= Minimum message length =

Formal information theory restatement of Occam's Razor

Minimum message length (MML) is a Bayesian information-theoretic method for statistical model comparison and selection. It provides a formal information theory restatement of Occam's Razor: even when models are equal in their measure of fit-accuracy to the observed data, the one generating the most concise explanation of data is more likely to be correct (where the explanation consists of the statement of the model, followed by the lossless encoding of the data using the stated model). MML was invented by Chris Wallace, first appearing in the seminal paper "An information measure for classification". MML is intended not just as a theoretical construct, but as a technique that may be deployed in practice. It differs from the related concept of Kolmogorov complexity in that it does not require use of a Turing-complete language to model data.

==Definition==
Shannon's A Mathematical Theory of Communication (1948) states that in an optimal code, the message length (in binary) of an event $E$, $\operatorname{length}(E)$, where $E$ has probability $P(E)$, is given by $\operatorname{length}(E) = -\log_2(P(E))$.

Bayes's theorem states that the probability of a (variable) hypothesis $H$ given fixed evidence $E$ is proportional to $P(E|H) P(H)$, which, by the definition of conditional probability, is equal to $P(H \land E)$. We want the model (hypothesis) with the highest such posterior probability. Suppose we encode a message which represents (describes) both model and data jointly. Since $\operatorname{length}(H \land E) = -\log_2(P(H \land E))$, the most probable model will have the shortest such message. The message breaks into two parts: $-\log_2(P(H \land E)) = -\log_2(P(H)) + -\log_2(P(E|H))$. The first part encodes the model itself. The second part contains information (e.g., values of parameters, or initial conditions, etc.) that, when processed by the model, outputs the observed data.
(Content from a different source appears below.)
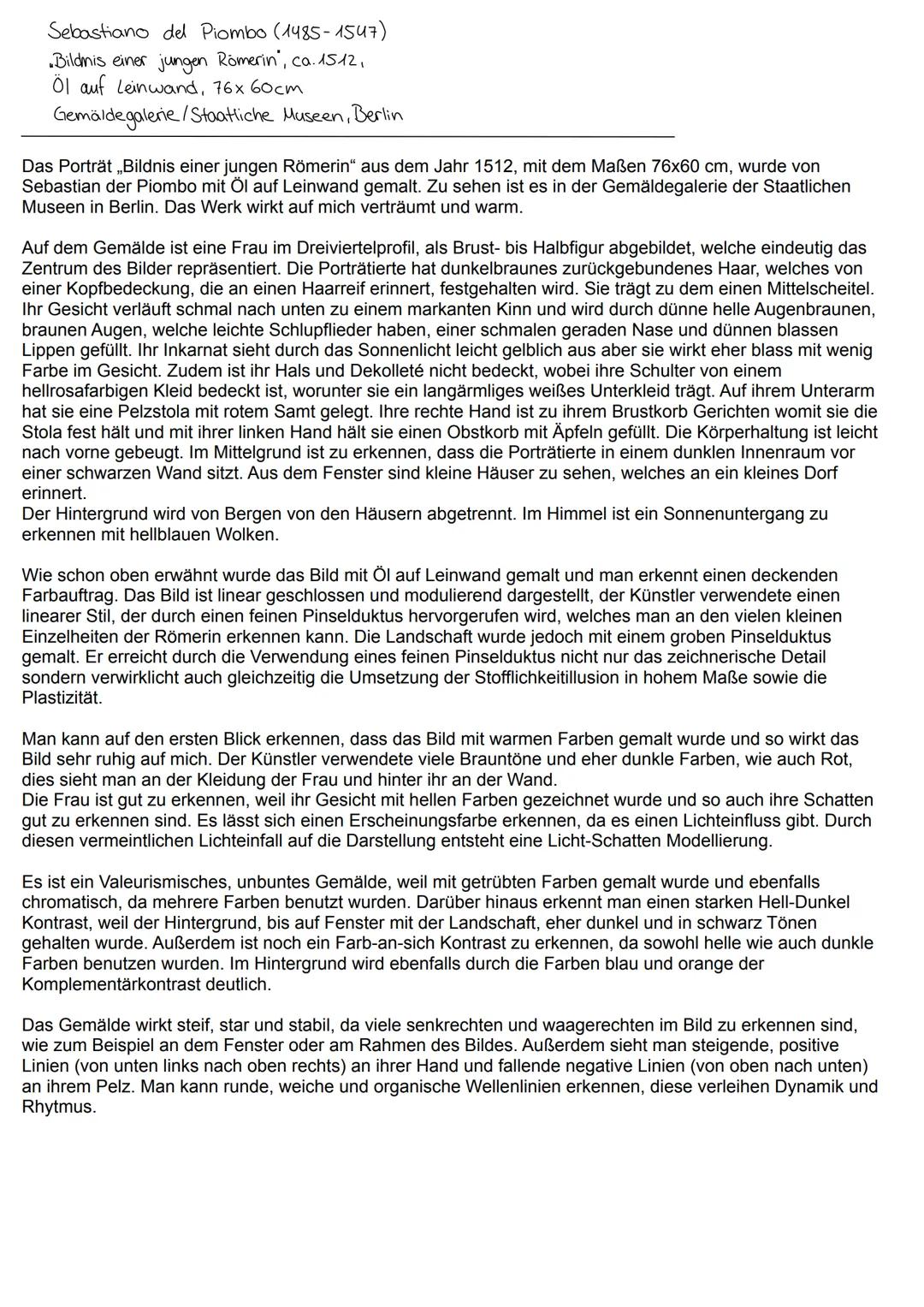 Sebastiano del Piombo (1485-1547)
Bildnis einer jungen Römerin, ca. 1512,
Öl auf Leinwand, 76x 60cm
Gemäldegalerie/Staatliche Museen, Berlin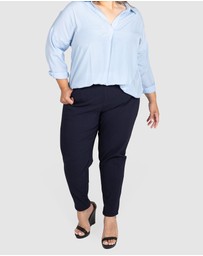 Love Your Wardrobe - Jada Wide Elastic Waist Stretch Bengaline Pants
MML naturally and precisely trades model complexity for goodness of fit. A more complicated model takes longer to state (longer first part) but probably fits the data better (shorter second part). So, an MML metric won't choose a complicated model unless that model pays for itself.

==Continuous-valued parameters==
One reason why a model might be longer would be simply because its various parameters are stated to greater precision, thus requiring transmission of more digits. Much of the power of MML derives from its handling of how accurately to state parameters in a model, and a variety of approximations that make this feasible in practice. This makes it possible to usefully compare, say, a model with many parameters imprecisely stated against a model with fewer parameters more accurately stated.

==Key features of MML==
- MML can be used to compare models of different structure. For example, its earliest application was in finding mixture models with the optimal number of classes. Adding extra classes to a mixture model will always allow the data to be fitted to greater accuracy, but according to MML this must be weighed against the extra bits required to encode the parameters defining those classes.
- MML is a method of Bayesian model comparison. It gives every model a score.
- MML is scale-invariant and statistically invariant. Unlike many Bayesian selection methods, MML doesn't care if you change from measuring length to volume or from Cartesian co-ordinates to polar co-ordinates.
- MML is statistically consistent. For problems like the Neyman-Scott (1948) problem or factor analysis where the amount of data per parameter is bounded above, MML can estimate all parameters with statistical consistency.
- MML accounts for the precision of measurement. It uses the Fisher information (in the Wallace-Freeman 1987 approximation, or other hyper-volumes in other approximations) to optimally discretize continuous parameters. Therefore the posterior is always a probability, not a probability density.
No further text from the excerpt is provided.